Vernon rather liked being buried there – the circumstances of his death had left him afraid of almost everything, including the dark and other ghosts: the cemetery wouldn’t have suited him one bit. The diner, on the other hand, was brightly lit all night and had customers at all hours. Some of them even talked to him.
One night, an attractive young woman in a distinctly unflattering overall stopped to chat. Oddly, she claimed that she had also been electrocuted and knew just how he felt. He was about to ask her to explain when the approach of dawn forced him back into his grave.
She visited him at the diner again a few nights later and he found out more about her strange life – or lives.
Then, the next time he was able to emerge, he found his gravestone had been moved. He was now indoors, in Anastasia’s house. In fact, she seemed to have a whole collection of urns in her bedroom – and there was another ghost having a nap on her bed. How very odd.
Apart from filling her house with ghosts, she seemed nice enough – and very interested in him.
She spent far more time with him than with the other ghosts who shared her house. In fact, she was quite obviously keen to be more than friends.
Soon, they were going steady - or as steady as you can go when one party spends most of their time in an urn.
The next thing he knew, she was inviting him to feel her tummy.
Anastasia was getting frustrated. The people at the science lab had been ‘on the verge of exciting developments’ in their research for so long that she was losing hope. Meanwhile, her own studies had yielded a potion that she was virtually certain could restore Vernon’s lost youth – but he wasn’t substantial enough to drink it.
She really wanted her child to have two parents who were there all the time. Maybe it was time to summon Deirdra again.
“Hello again, Ana. And pregnant at last. Who’s the father?”
“B Vernon Castor. “
“
B Vernon? What’s the B stand for?”
“I have no idea.”
“You’re having a baby with him and you don’t know his full name? Oh well, please yourself. Do you want me to revive him?”
“I was just going to ask you whether that was possible.”
“Yes, I could bring him back to life – but that would be your third and final wish. You might want to save it for something else… and, of course, if you had any more children together, they’d be human. Maybe you should wait and see how this one turns out.”
She decided to wait a little longer and, only a few hours later, her phone rang. It was the scientists: they'd finally made the breakthrough. Since she’d done so much to help their research, would she like to bring along a ghost to be revived?
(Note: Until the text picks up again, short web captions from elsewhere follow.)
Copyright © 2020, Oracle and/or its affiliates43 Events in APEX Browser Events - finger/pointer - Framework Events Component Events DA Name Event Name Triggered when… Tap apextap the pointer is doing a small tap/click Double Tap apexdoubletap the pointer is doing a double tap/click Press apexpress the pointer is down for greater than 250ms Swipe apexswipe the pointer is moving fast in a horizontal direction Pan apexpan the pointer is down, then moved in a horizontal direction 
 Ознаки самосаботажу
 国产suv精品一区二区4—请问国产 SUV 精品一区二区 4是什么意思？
Hoping she wouldn’t give birth on the way, she picked up Vernon’s urn and hurried off to the lab.
It appeared that they hadn’t quite got all of the bugs out of their process - but at least Vernon was around permanently now, even if he was still transparent.
That night, Ana went into labour. She hastily thought of a few urgent things for Vernon to do and locked herself in the bedroom.
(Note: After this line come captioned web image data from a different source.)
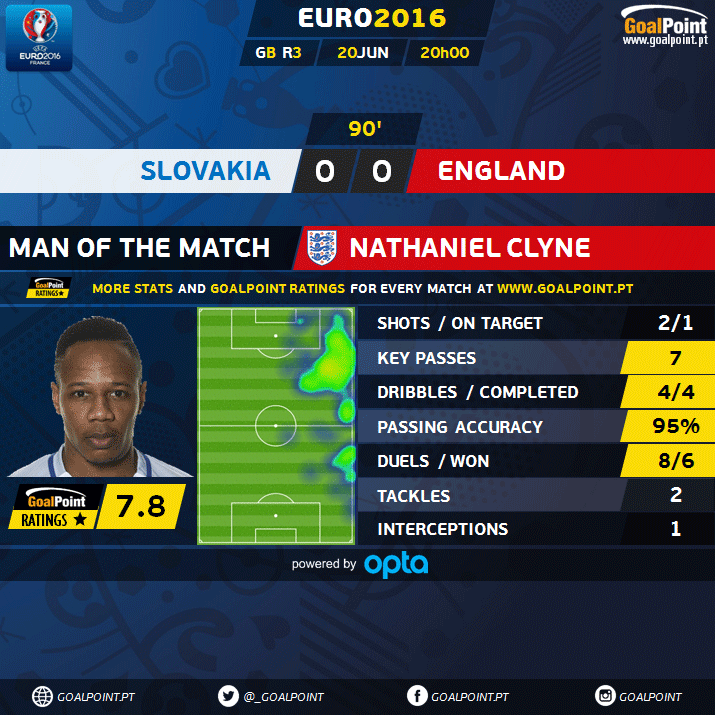 GoalPoint | Inglaterra v Eslováquia | Nathaniel Clyne | Euro 2016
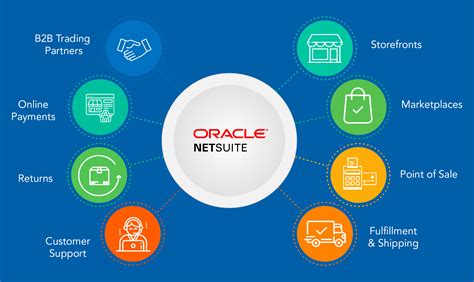 Oracle NetSuite Alliance Partner - Prosglobalinc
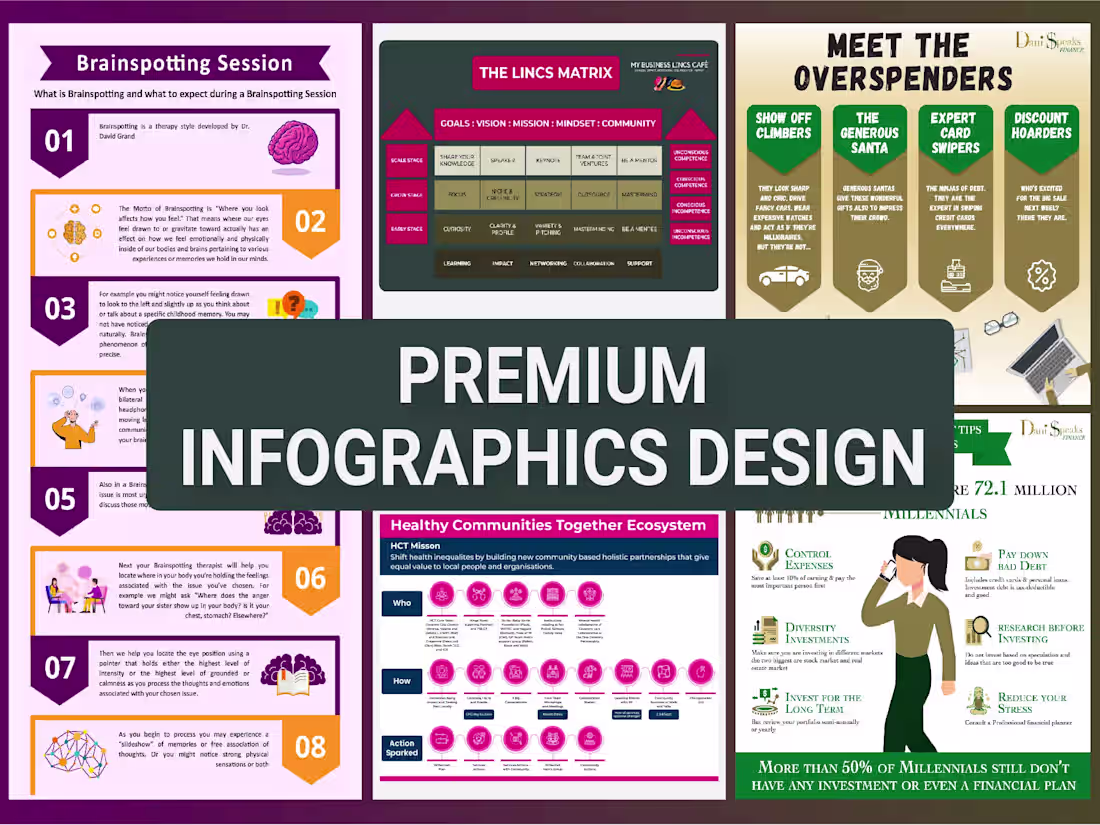 Cover image for Professional Infographic, Flowchart, Pie Charts, Graph Diagram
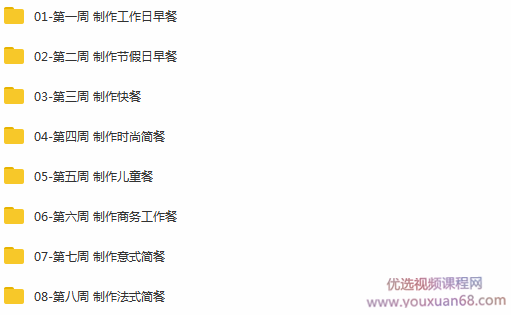 《西式简餐制作》烹饪专业实践操作课程【视频】插图 《西式简餐制作》烹饪专业实践操作课程【视频】插图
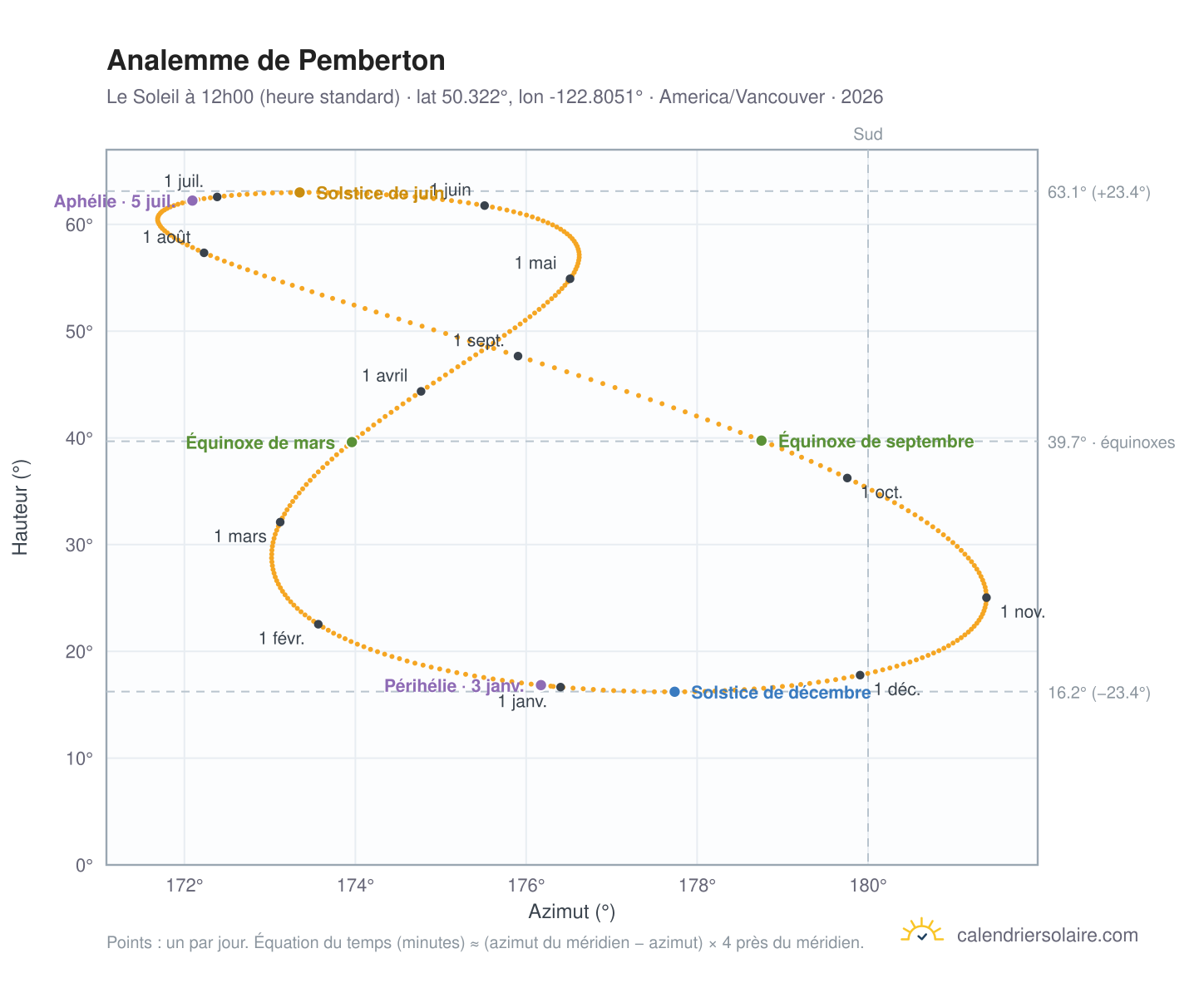 Carte de l'analemme de Pemberton : le Soleil à 12h00 (heure standard) au fil de l'année
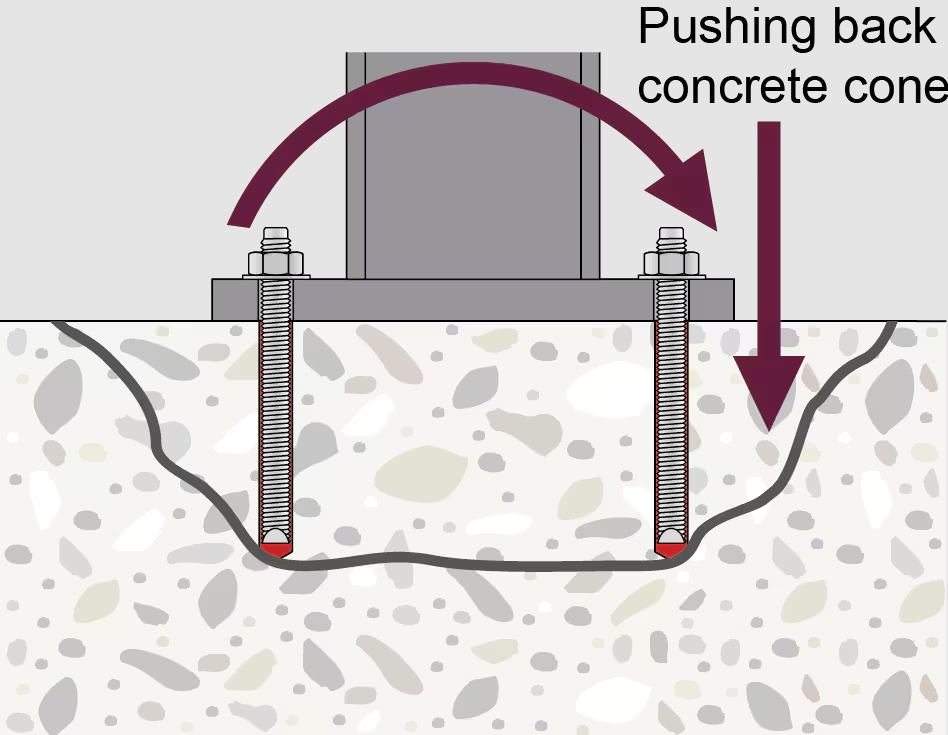 Diagram showing two anchor bolts in cracked concrete with outward force indicating splitting and cracking under load.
She remembered being an admirer of the Pankhursts in a previous life, and even having met one of them. So it was natural that she would name her new daughter Christabel. She unlocked the door and called Vernon in to see their child.
He fainted.
With Christabel settling into a routine, Ana decided it was time to put her relationship with Vernon on a more formal footing.
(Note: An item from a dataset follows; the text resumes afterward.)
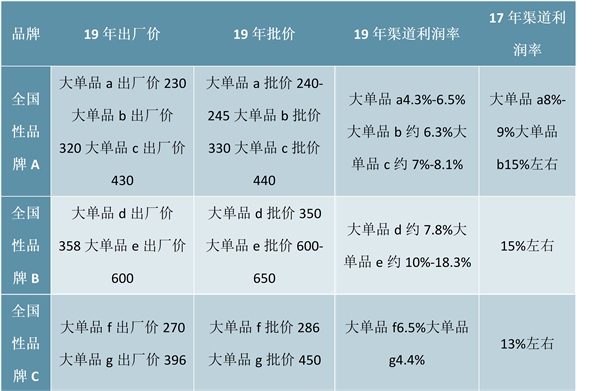 白酒市场重品牌，市场营销渠道拓展深耕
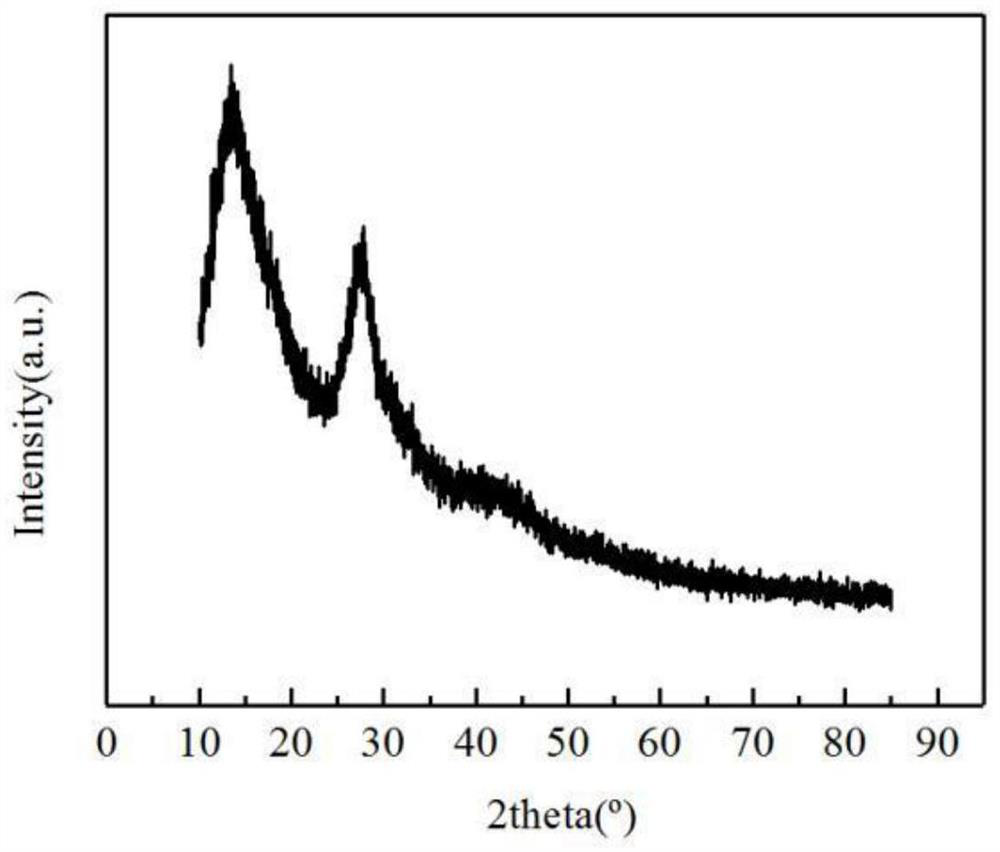 Carbon nitride high-load dispersed NiS photocatalytic degradation material and preparation method thereof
And she had the perfect engagement gift.
“I, Bridgeport Vernon, take you, Anastasia Jane…”
Bridgeport?!The bride managed to keep her face straight for the rest of the ceremony… just about.
“So, honeymoon?”
“I thought we were agreed that we couldn’t afford a honeymoon – and that we didn’t want to leave Chrissie with that babysitter for longer than necessary.”
“No, I meant your parents. Did they spend their honeymoon in Bridgeport?”
“Yes.”
“And you arrived shortly afterwards.”
“Er… yes.”
“It’s a good job it wasn’t Barnacle Bay… or Strangetown.”
“Even Hidden Springs would make me sound like a mattress. Believe me, I’ve heard it all before.”
“Poor Vernon.”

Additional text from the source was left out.